Send in the clown...
It's fair to say that the most anticipated adaptation is, one of Mr King's most famous novels and films. IT depicts a creature terrorising children through the manifestation of the super creepy Pennywise clown. The book itself is a million years long but well worth a read, while the previous movie is one of Tim Curry's finest roles, but now the eponymous "they" are making an updated adaptation and have been teaser marketing the new film for the past seven years.
Basically, it was decided a while ago that IT is ready for a remake. As a content marketing agency, we know how influential a rebrand can be to a company's message and seriously help boost a product's intrigue, awareness and sales.
Wayyyyyy back in 2009, Warner Bros. announced that Dave Kajganich was going to be responsible for the new adaptation of Stephen King's novel.
In June 2016, it was revealed, however, that filming had begun on the new movie, which is going to be split into two parts and will actually be directed by horror genre maestro Andres Muschietti - who directed the chilling Mama in 2013.
When it comes to who is acting in the movie, the actors are being unveiled in dribs and drabs. So far, we've got Bill Skarsgard playing the main role. He's been pretty close-lipped about the role but we have now seen him in his horrifying Pennywise makeup.
What do we know about it so far?
The focus of the rebrand for this movie is largely placed on the gravitas of its director and how contemporarily frightening the main actor is going to look. Very little has been said about the actual plot, other than the fact that the first film will focus on the main characters as children and the second will recreate their battle as adults.
Looking at how teasers about the project have been dropped over several years and what these tidbits actually are, we can glean some information on how rebranding movies works nowadays.

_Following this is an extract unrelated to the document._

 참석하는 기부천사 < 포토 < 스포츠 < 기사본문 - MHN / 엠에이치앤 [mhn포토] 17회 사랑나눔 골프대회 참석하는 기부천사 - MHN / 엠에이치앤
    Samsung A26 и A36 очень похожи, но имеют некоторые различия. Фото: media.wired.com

So far, we know that the studio has booked a big name director and actor. We also know that the makeup is on point to scare the bejesus out of us, but that's about it.
[Image credit: giphy.com]
As consumers of movies, ask yourselves, when you hear a new movie is coming out are you more interested in who is starring/directing rather than what the plot is? As a group of people en masse, the answer here is probably yes, although I know there are hardcore movie buffs out there who will say no, but these people seem to be in the minority.

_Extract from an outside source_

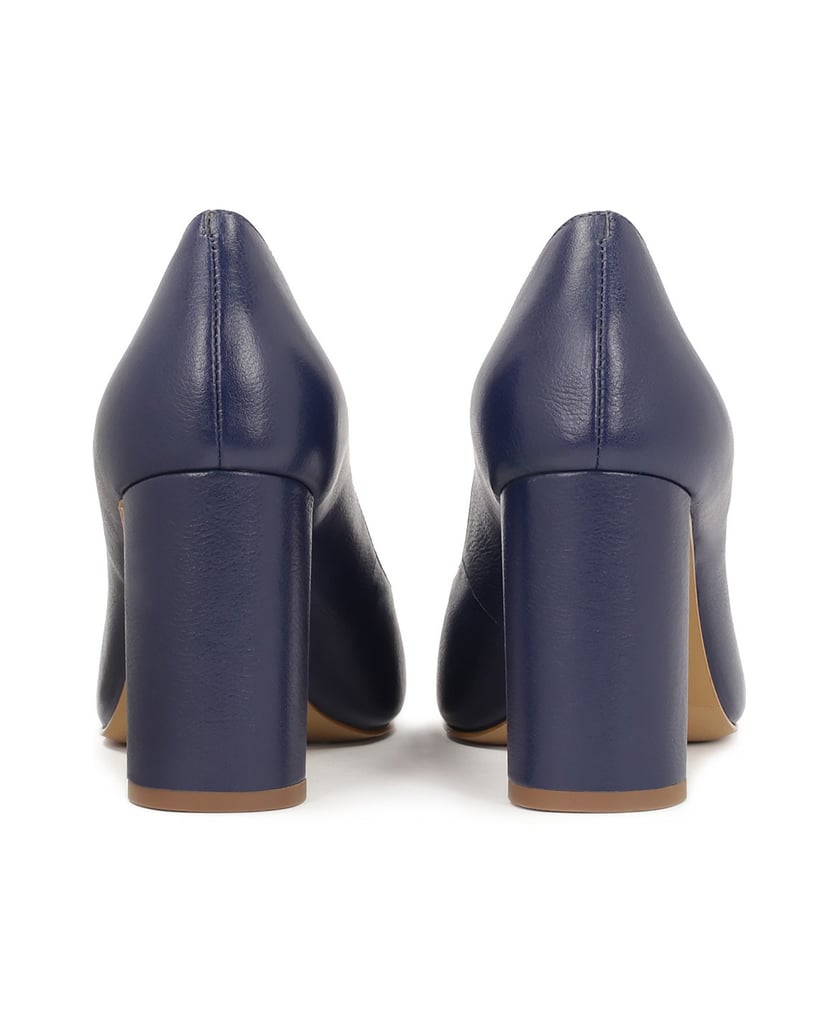 Kazar-Marineblaue-Pumps-auf-einem-Pfosten-mit-spitzen-Zehenspitzen-dunkelblau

Who you gonna call for branding?
Take a look at how the new Ghostbusters movie was teaser marketed: very little plot was given away, instead it was mostly focused on starring the ladies of Saturday Night: Live, Chris Hemsworth and the recasting cameos of the original actors, Dan Ackroyd and Bill Murray.
Having a strong cast and director means we have fewer questions about the quality of the remake. As a result, these same names are being used to carry the marketing and PR of the new versions of Ghostbusters and IT.

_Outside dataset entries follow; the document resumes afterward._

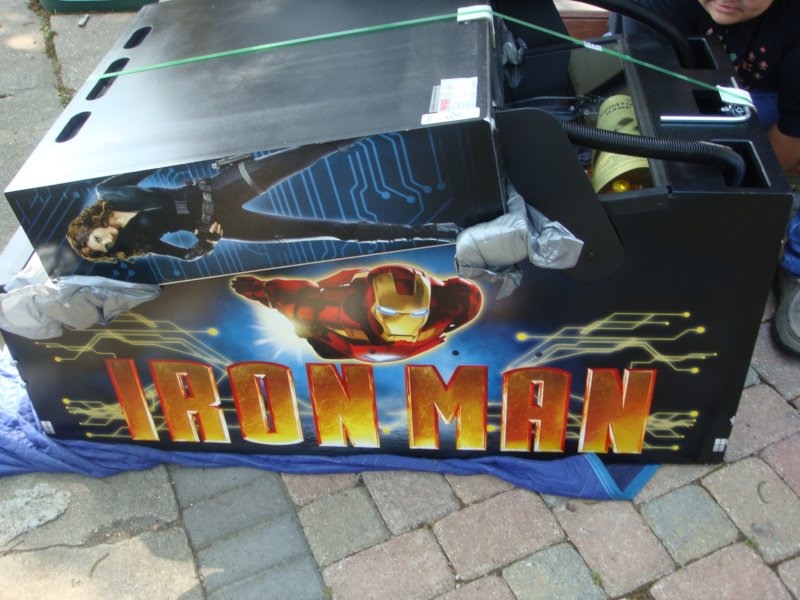 iron_man_pinball_stern3.jpg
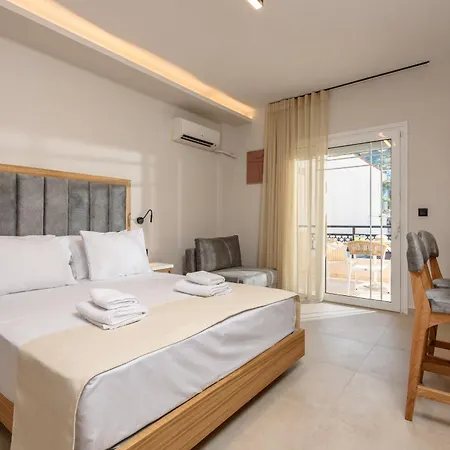 Fotini * Chrisi Ammoudia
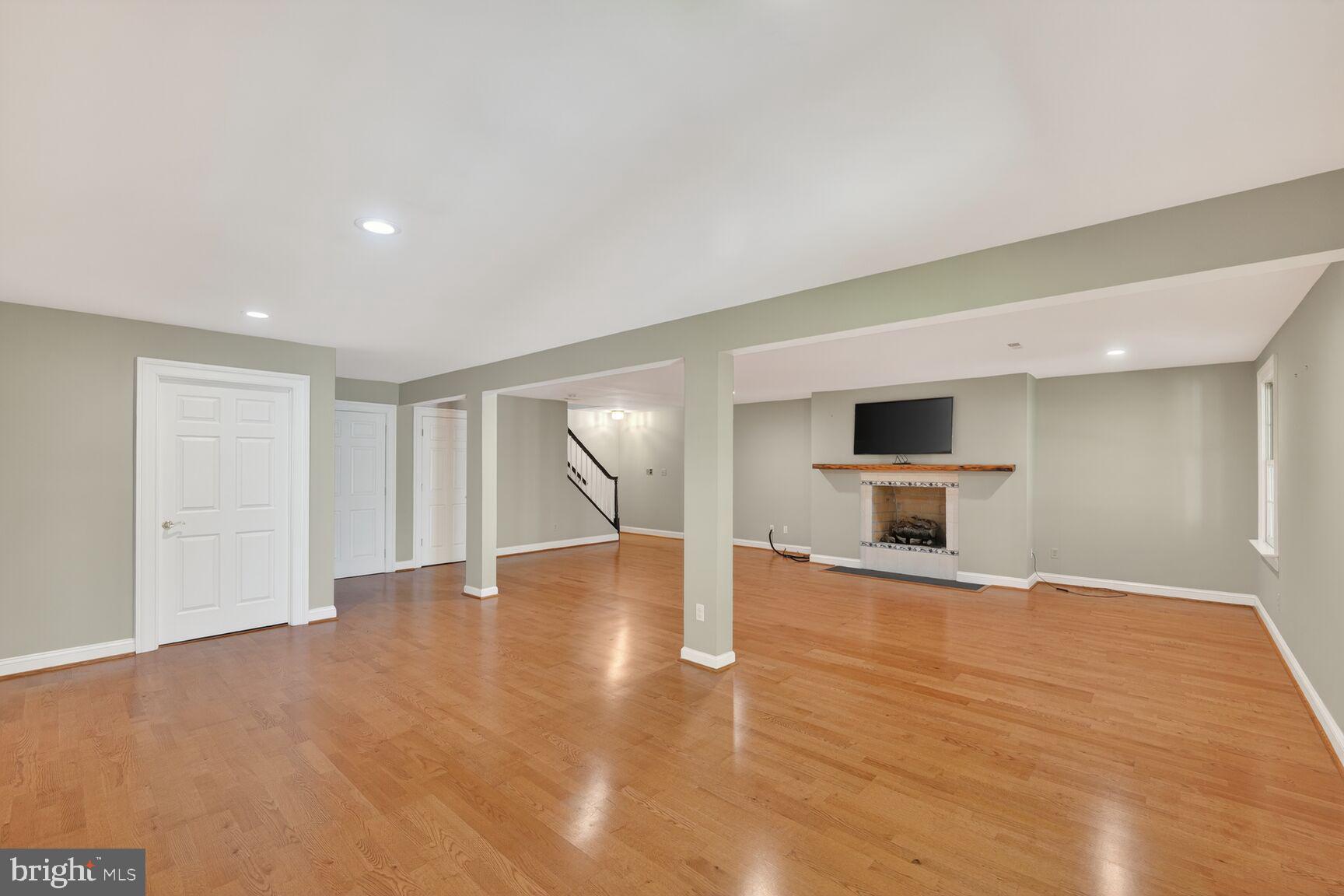BRIGHTWOOD - Residential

It's a clever tactic and is something that is facilitated by social media. For example, Muschietti has been tweeting teaser pictures on Instagram, including the film title on his director's chair and a bunch of red balloons floating eerily alone in a room. The little pre-launches are enough to appeal to fans of the original film and mini-series, but they're also infuriatingly simple enough to intrigue a new audience.
The mystery and the madness
Contemporary audiences tend to enjoy mystery and teasers so they can draw their own conclusions and this is what has been happening with the IT remake. Just enough has been given to whet the appetite of literary, film and horror fans all over the world.
There has even been some accidental teaser marketing on the go to support the IT campaign, as Netflix's new programme 'Stranger Things' has been drawing succinct parallels with IT - and various other movies from the late 80s. In fact, Bloody Disgusting commented, "Stranger Things just raised the bar for the upcoming IT adaptation."
Does this mean the teaser campaign is working? Well, the very fact that it's been compared to a new show would suggest that it is and some people are definitely interested in what Muschietti is going to produce, which fits perfectly with the way Stephen King markets his books. In On Writing, his autobiography of sorts, he says: "You can't please all of the readers all of the time; you can't please even some of the readers all of the time, but you really ought to try to please at least some of the readers some of the time."
I would say this is a fairly accurate summary of how people are feeling regarding the teaser marketing of the IT remake. Just enough detail continues to be released to interest, please and excite people. Bring on Pennywise and bring on the red balloons of horror.